SteNicholas opened a new pull request, #3664:
URL: https://github.com/apache/celeborn/pull/3664
### What changes were proposed in this pull request?
Introduce a filter for Java deserialization `JavaDeserializerFilter` to
prevent deserialization attacks of CWE-502.
### Why are the changes needed?
Apache Celeborn's internal RPC transport layer deserializes arbitrary Java
objects from unauthenticated network connections using `ObjectInputStream` with
no class filtering (`ObjectInputFilter` / JEP 290). An attacker who can reach
the Celeborn Master (default port 9097) or any Worker RPC port over the network
can achieve Remote Code Execution without any credentials.
While Celeborn is infrastructure software, not directly exposed to end
users, this report demonstrates that the vulnerability is exploitable in
realistic production deployments by tenants, compromised workloads, or any
network-adjacent actor.
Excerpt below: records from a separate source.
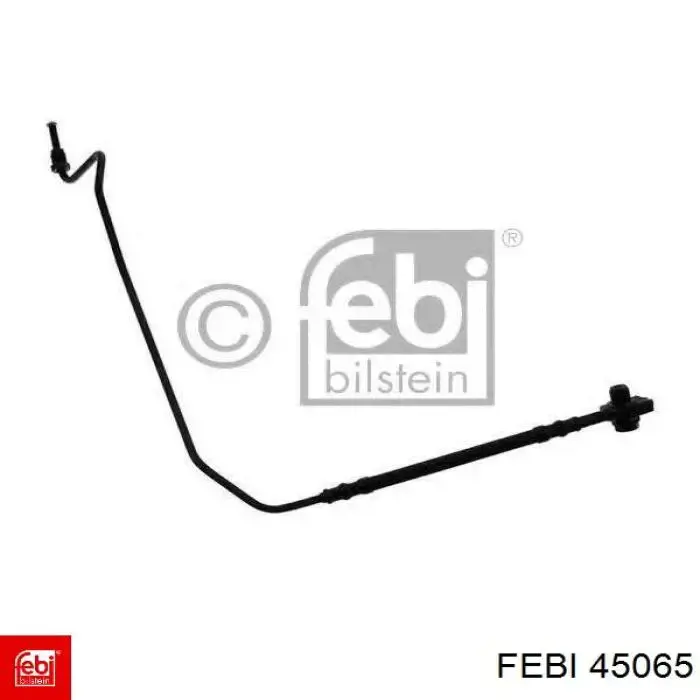 Задний тормозной шланг 45065 Febi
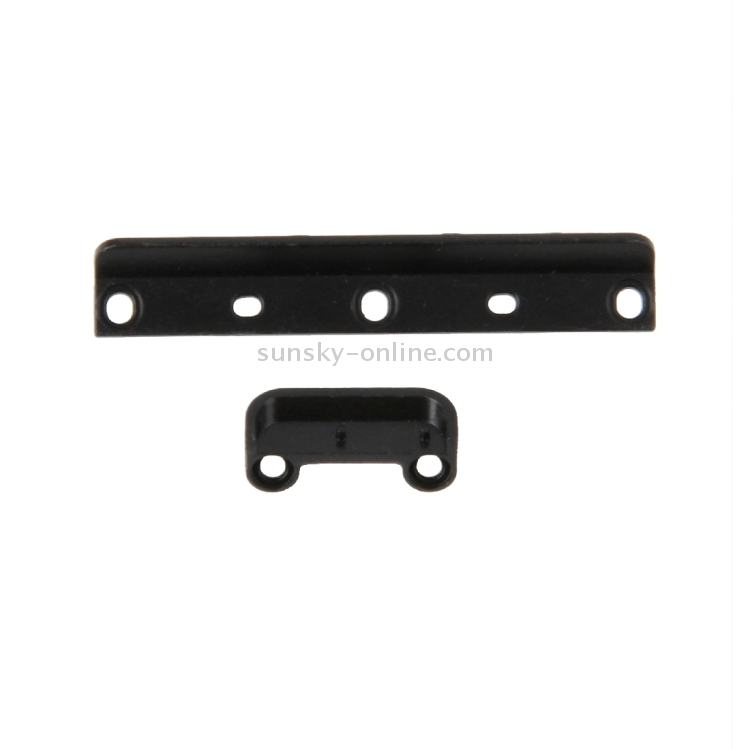2 PCS for iPad mini 4 Power Button Iron Block(Black) - 1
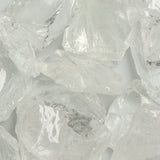 Crystal Clear Landscape Glass LCRCLEAM-50 American Specialty Glass 50 Lb. Medium (1/2" - 1")
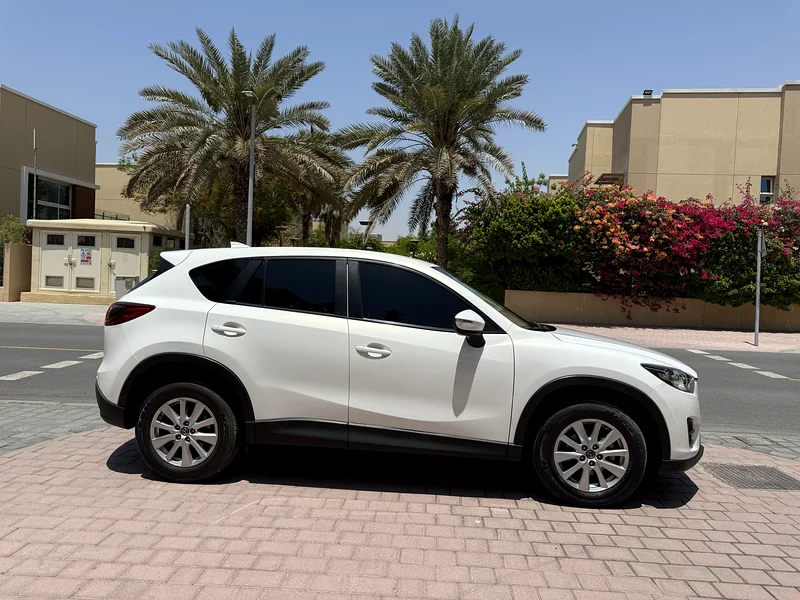 مازدا CX-5، خليجي، سجل صيانة كامل من الوكالة ((نظيفة جداً)).63136479016962114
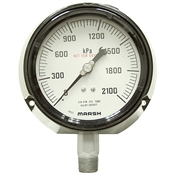2100 KPA 4" FP Dry Gauge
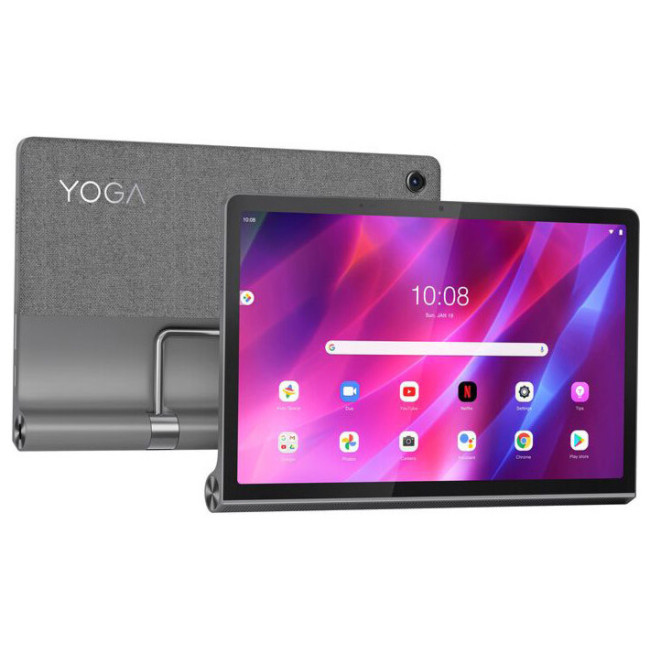 Планшет Lenovo Yoga Tab 11 YT-J706F 8/256GB Wi-Fi Storm Grey (ZA8W0034)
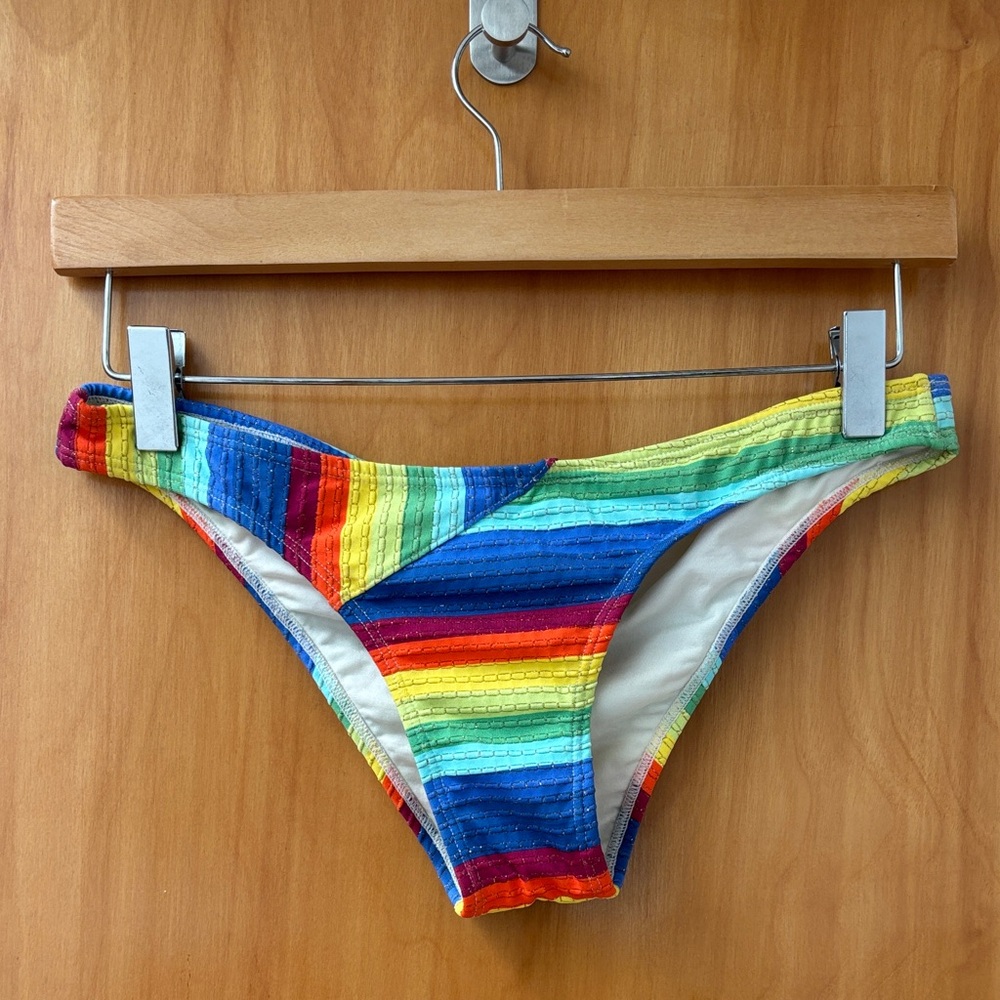 OndadeMar Multicolor Striped Bottoms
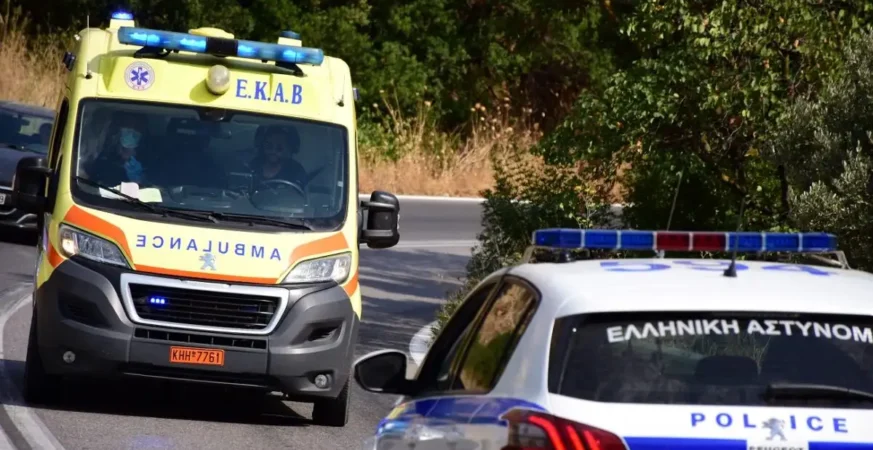 Αστυνομικές δυνάμεις έξω από το Πανεπιστήμιο Δυτικής Αττικής μετά από επεισόδια με τραυματισμούς φοιτητών στο Αιγάλεω.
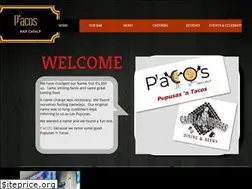 Sites similar to cafelaspupusas.com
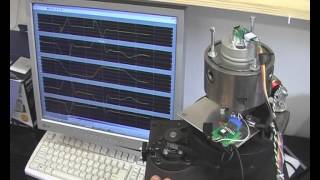 Singleaxis dualstage inertial stabilization benchmarking setup [upl. by Efren]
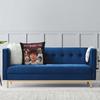 Malachi Barton Pillowcase Printing Fabric Cushion Cover Decorative Pillow Case Cover Bedroom 45X45Cm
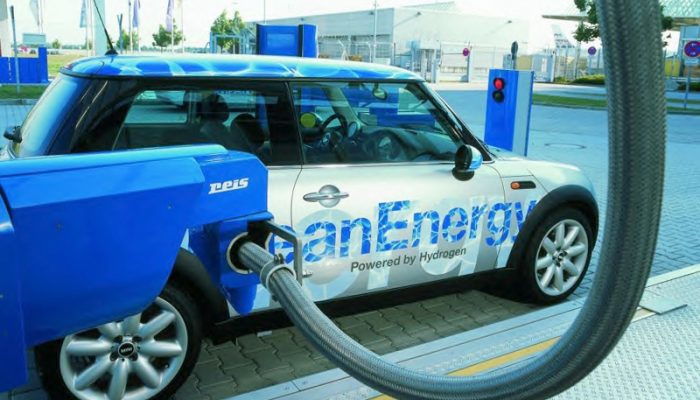 The coming of the hydrogen economy, finally?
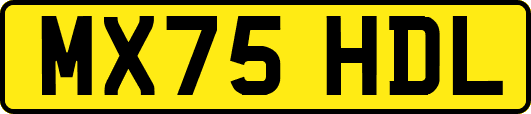 MX75HDL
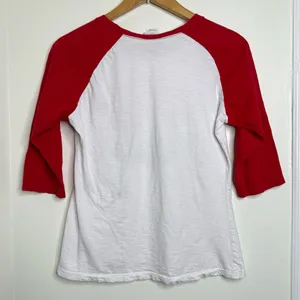 Genuine Merchandise Campus Lifestyle Philadelphia Phillies Raglan Baseball Shirt Size Large Juniors thumbnail 5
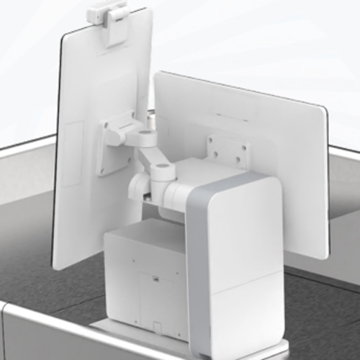 Сенсорный терминал Wintec Anypos300 15.6" (3652A1-4-128Gb-WH-print-noOS) - фото 7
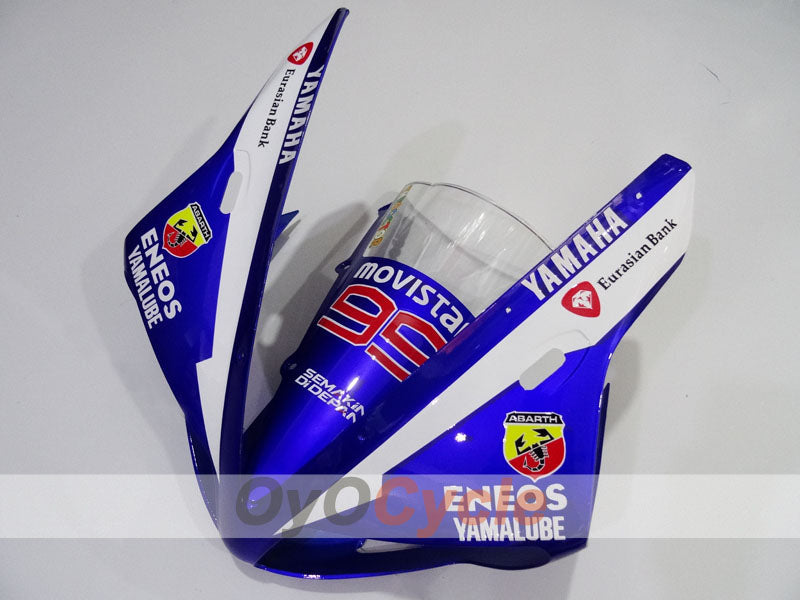 Kit de carénages à injection pour YZF-R1 02-03 - Bleu, Blanc, Noir - Monster #OYO87905763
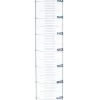 Graduated Cylinder, 2000ml - Class A - Blue Graduations - Hexagonal Base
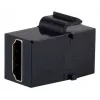 Keystone Module ShiverPeaks S/CONN 08-10050 HDMI plakans Melns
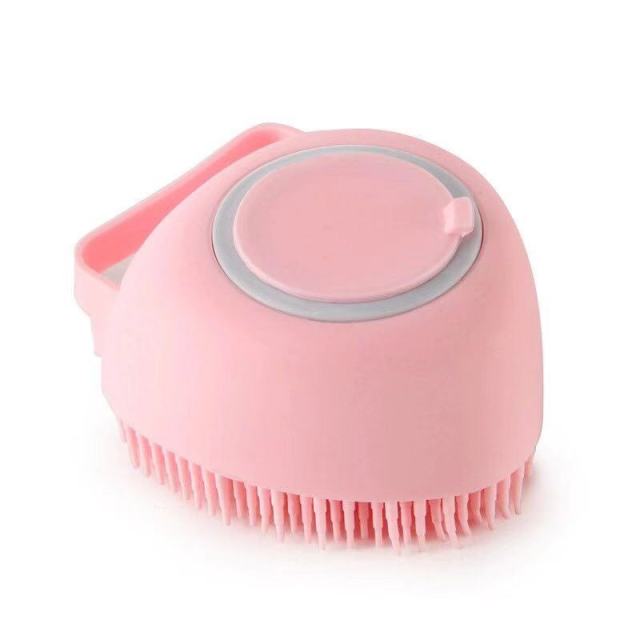 Groomie BubbleBrush™ | Silicone Brush for Easy Bathing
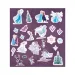 Disney: Die Eiskönigin 2. 12-seitiges Stickeralbum mit 50 Stickern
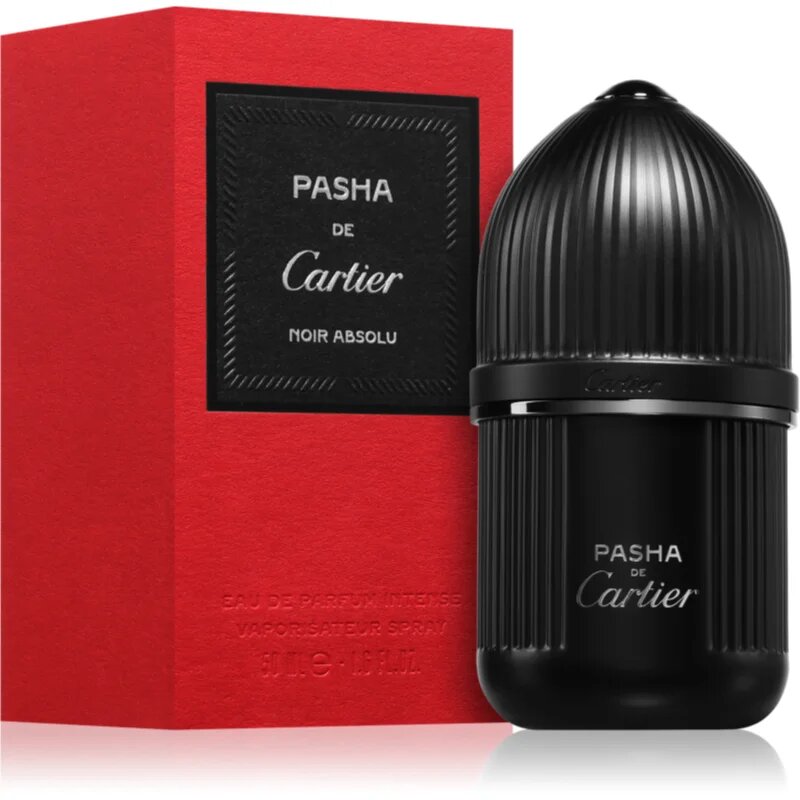 Cartier Pasha de Edition Noire Absolu parfumska voda intense za moške 50 ml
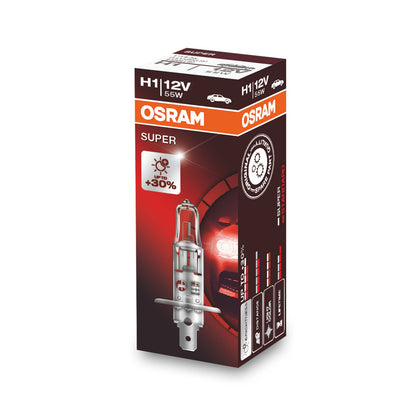 OSRAM SUPER - H1 Halogen-Scheinwerferlampe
The standard deployment model for Celeborn (shared
shuffle service for Spark/Flink clusters) places it on the same network as
user-submitted workloads, making exploitation practical.
Celeborn's RPC protocol supports two serialization formats, selected by the
first byte of the message body:
- V2 (0xFF prefix): Protocol Buffers (`TransportMessage`) - safe
- V1 (any other prefix): Java native `ObjectInputStream` - vulnerable
Since Java serialization streams begin with magic bytes `0xAC 0xED`, sending
a standard Java serialized object automatically triggers the V1 code path.
The deserialization in `JavaDeserializationStream`
(`JavaSerializer.scala:62-79`) creates an `ObjectInputStream` that:
1. Has **no `ObjectInputFilter`** (JEP 290 filtering)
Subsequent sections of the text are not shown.